Does it support custom field generators? Yes — use overrides for fixed top-level values, generators for field-path keyed computed values, and generator for schema-wide hooks.

How does it pick realistic values? It inspects the schema's type and constraints (formats like uuid/email, min/max, length, enums, patterns) and generates values that satisfy them — seeded so they stay reproducible.

What happens with a schema type it doesn't understand? Unsupported or opaque types fall back to a constraint-satisfying placeholder. You can always pin those fields with overrides, and unknown formats surface a warning so they're easy to spot.

What about TypeBox formats? TypeBox schemas work directly, but its runtime checker only validates registered formats.

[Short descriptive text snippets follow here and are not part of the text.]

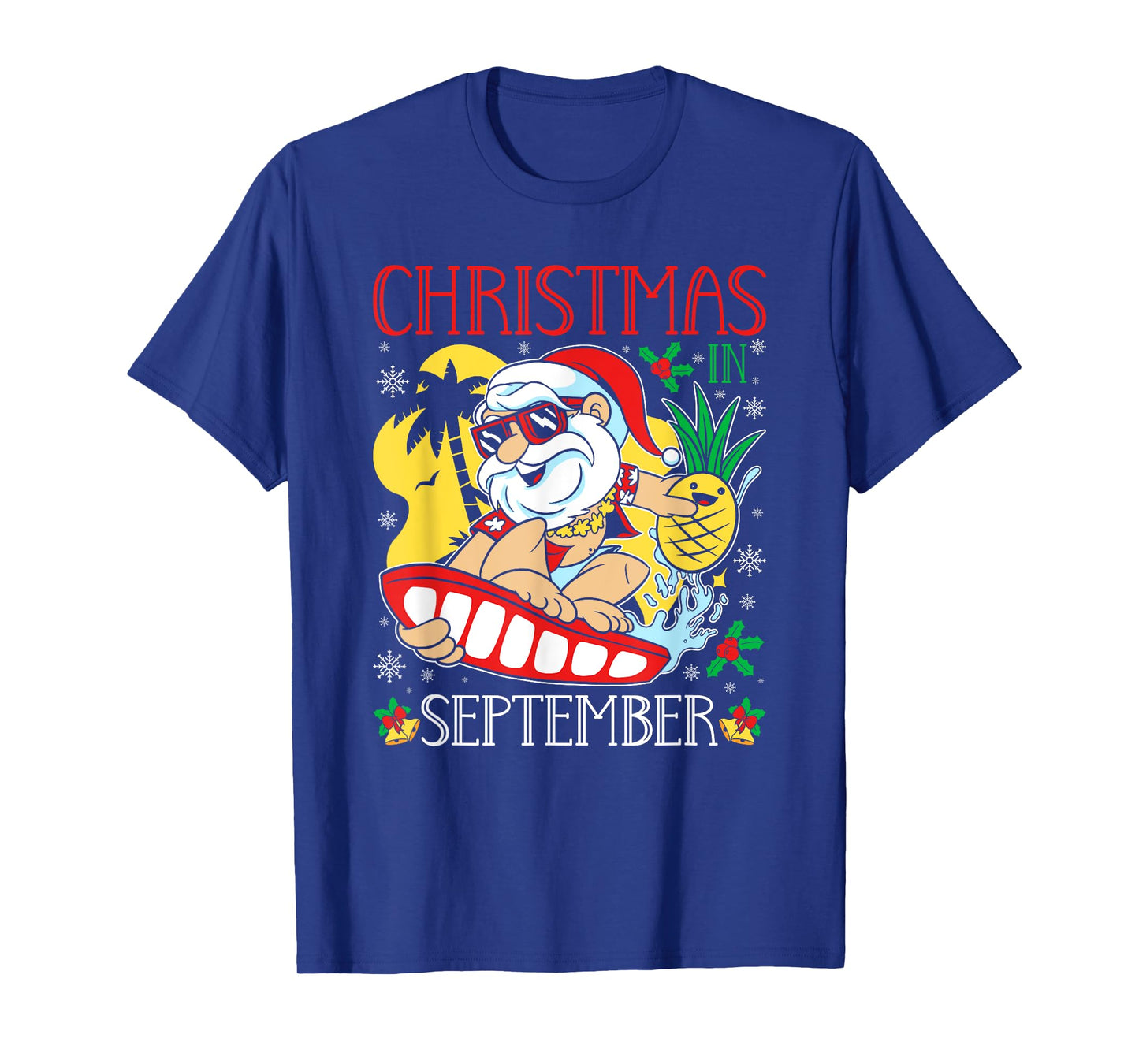 Christmas in September Hawaiian Tropical Santa T-Shirt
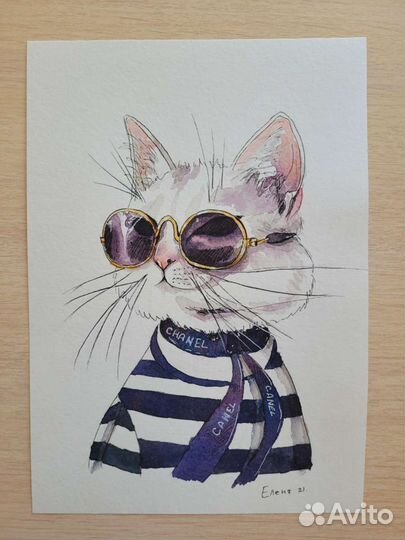 Картина кота акварель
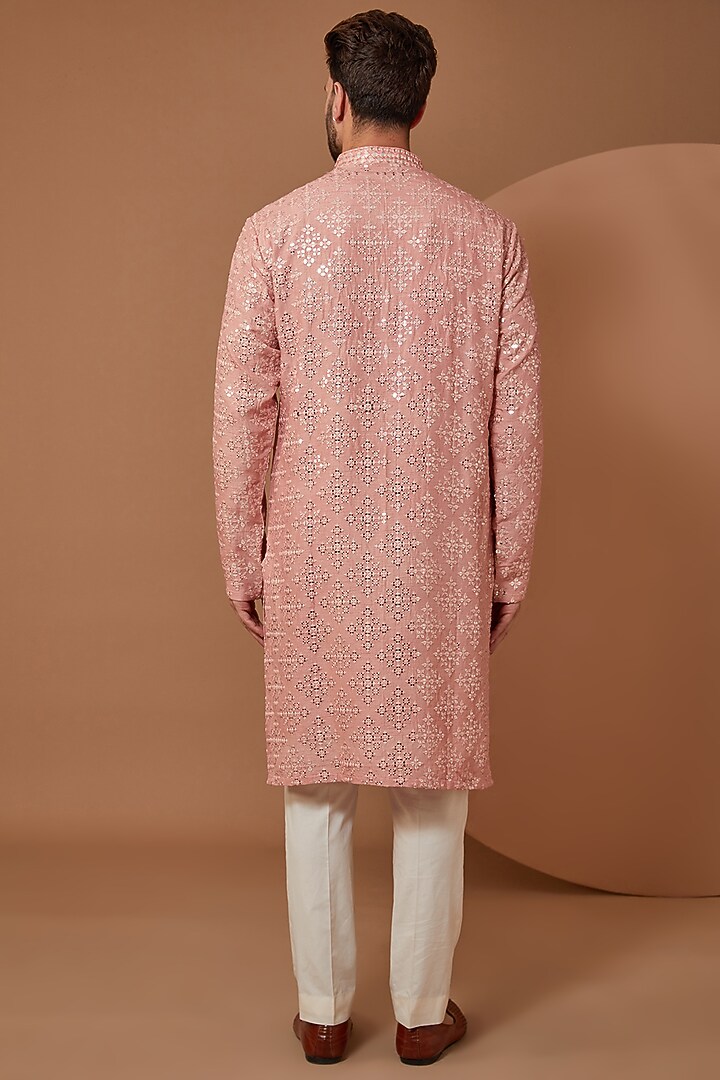 Peach Silk Mirror Hand Embroidered Kurta by Kasbah Clothing at Pernia's Pop Up Shop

If you use format: "uuid" or similar, register the matching predicate in TypeBox's FormatRegistry before validating generated values.

Will generated data pass my validator? That's the goal: output is produced to satisfy the same schema you validate against, so schema.parse(generate(schema)) succeeds.

Contributing

Issues and pull requests are welcome. Please open an issue to discuss substantial changes before submitting a PR.